▸ MATERIAL SHOWN
· · · · ·
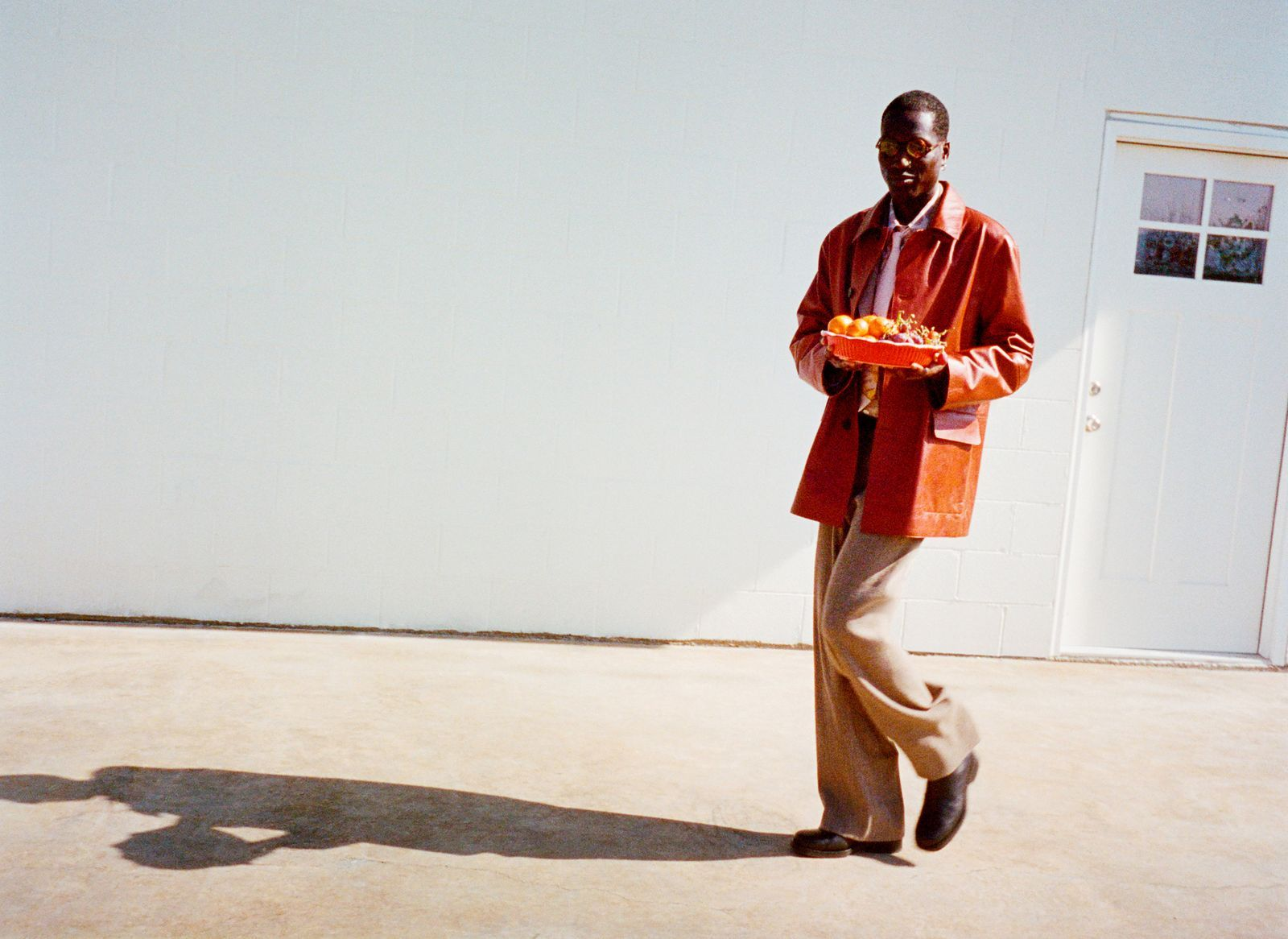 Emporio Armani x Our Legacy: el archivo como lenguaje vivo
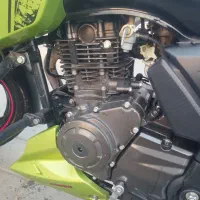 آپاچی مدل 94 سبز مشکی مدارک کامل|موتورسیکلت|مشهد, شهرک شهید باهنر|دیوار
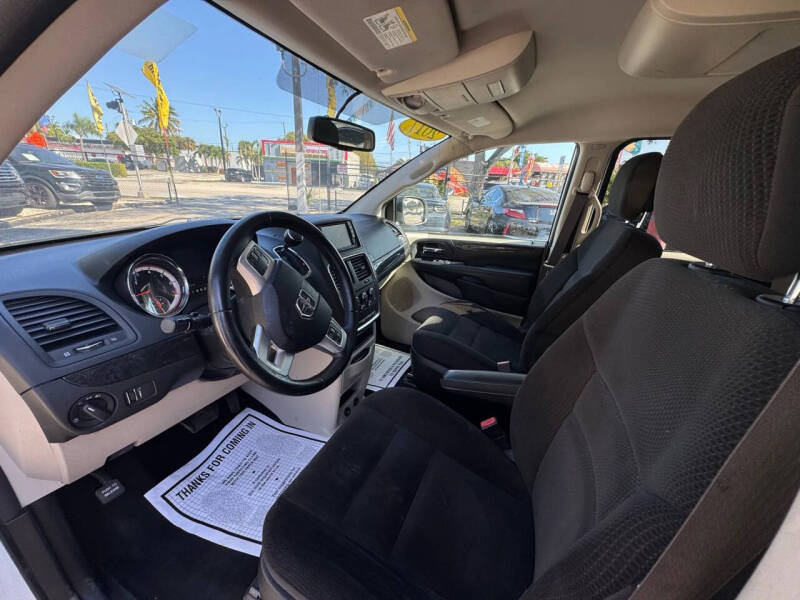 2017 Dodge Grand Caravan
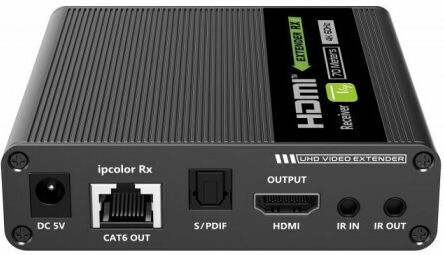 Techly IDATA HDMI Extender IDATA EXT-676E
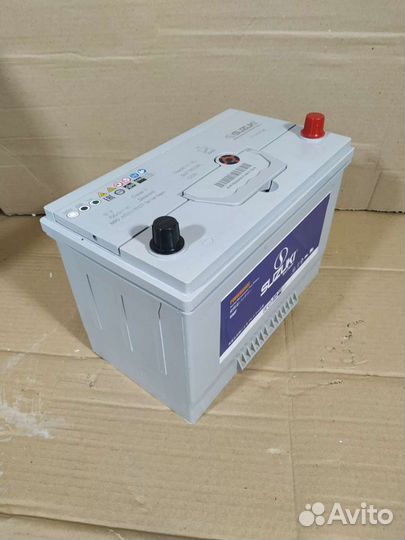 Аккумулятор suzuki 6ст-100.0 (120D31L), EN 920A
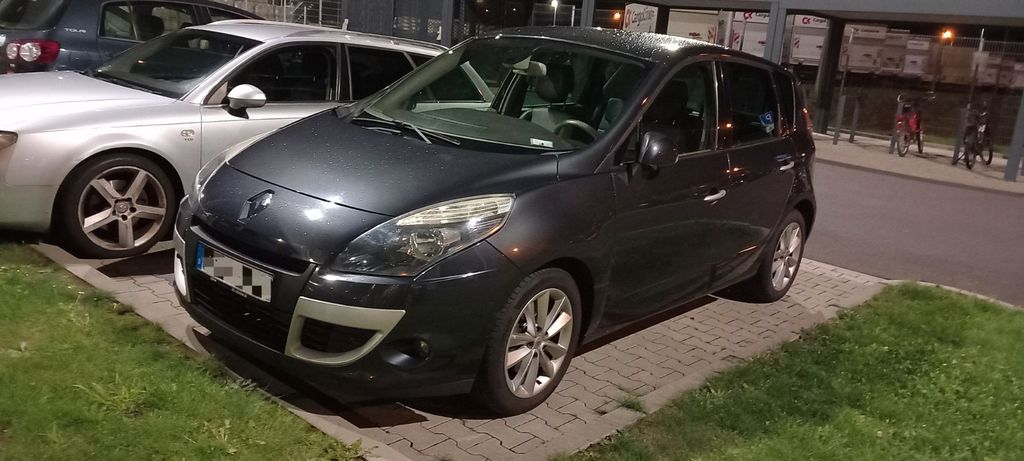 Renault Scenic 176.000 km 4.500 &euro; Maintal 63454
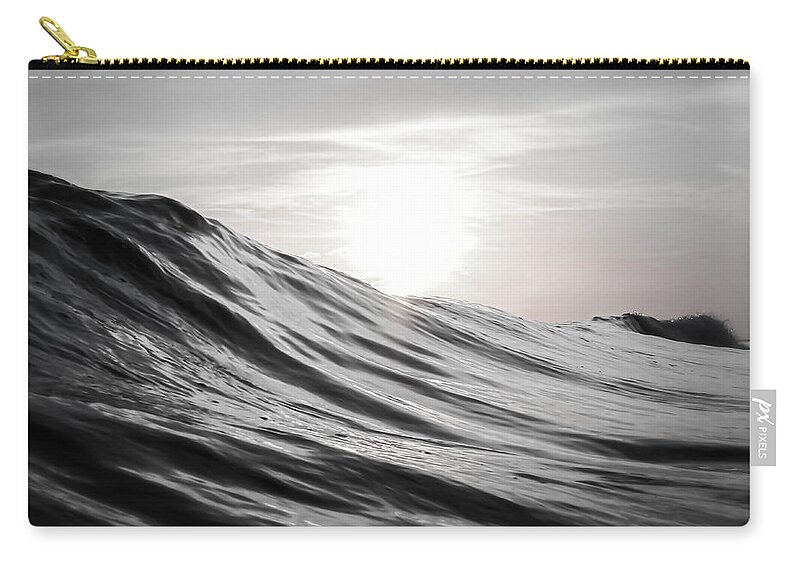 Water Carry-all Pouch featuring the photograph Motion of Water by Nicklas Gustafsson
· · · · ·
Beginning with the line where "آپاچی مدل 94" appears, reproduce every remaining line of the listing above, the last one included, but none of the pictures.

▸ ANSWER FOR THE TASK
 آپاچی مدل 94 سبز مشکی مدارک کامل|موتورسیکلت|مشهد, شهرک شهید باهنر|دیوار
 2017 Dodge Grand Caravan
 Techly IDATA HDMI Extender IDATA EXT-676E
 Аккумулятор suzuki 6ст-100.0 (120D31L), EN 920A
 Renault Scenic 176.000 km 4.500 &euro; Maintal 63454
 Water Carry-all Pouch featuring the photograph Motion of Water by Nicklas Gustafsson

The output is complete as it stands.